Microsoft took another hit on the legal front Monday when the 9th U.S. Circuit Court of Appeals refused to let the software behemoth appeal a ruling by the judge in the so-called "Vista Capable" lawsuit that had granted the plaintiffs class action status.

In a brief, one-paragraph order, the appeals court denied Microsoft's request to appeal Judge Marsha Pechman's February 2008 ruling expanding the case into a class action.

The denial effectively lifts a stay that Judge Pechman granted to Microsoft in early April while the request for appeal was still pending.

Judge Pechman's stay halted discovery in the case, a welcome respite for Microsoft, which had been roundly embarrassed when Pechman unsealed 158 pages of previously sealed evidence, mostly executives' e-mails, in late February.

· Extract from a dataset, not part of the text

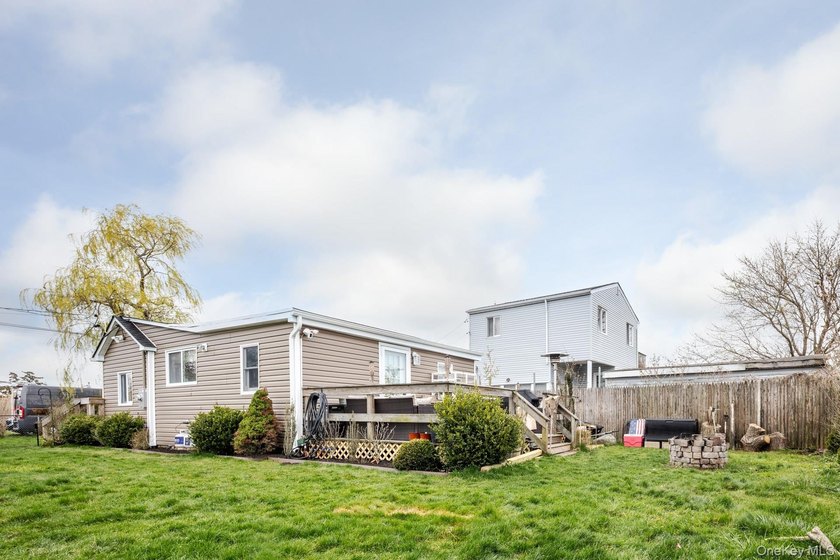 Welcome to 24 Blue Point Road! a beautifully updated ranch - photo 2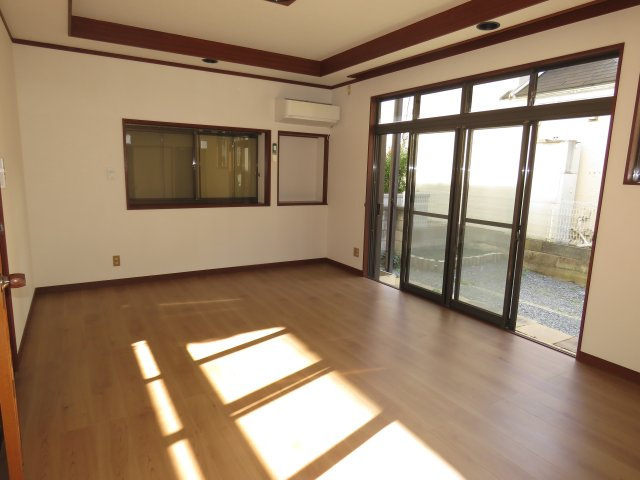 川越市霞ヶ関北1丁目　4SDK　戸建て貸家の洋室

Whether the denial of Microsoft's request to appeal and the lifting of the stay will put the case back on schedule isn't clear. The case was originally scheduled for October, however, the discovery process – halted by the stay – will now likely restart.

A deceptive campaign?

The case revolves around claims that Microsoft's so-called "Windows Vista Capable" marketing campaign, promulgated to help keep the bottom from falling out from under the PC market during the 2006 holiday season, was deceptive. Allegations by the plaintiffs argue that Microsoft's "Vista Capable" sticker on the boxes deliberately mislead consumers to believe that new PCs that they bought prior to Vista's consumer delivery on January 30, 2007, could be upgraded to run higher-end editions of Vista that feature the Aero Glass user interface and other graphics intensive features of the operating system.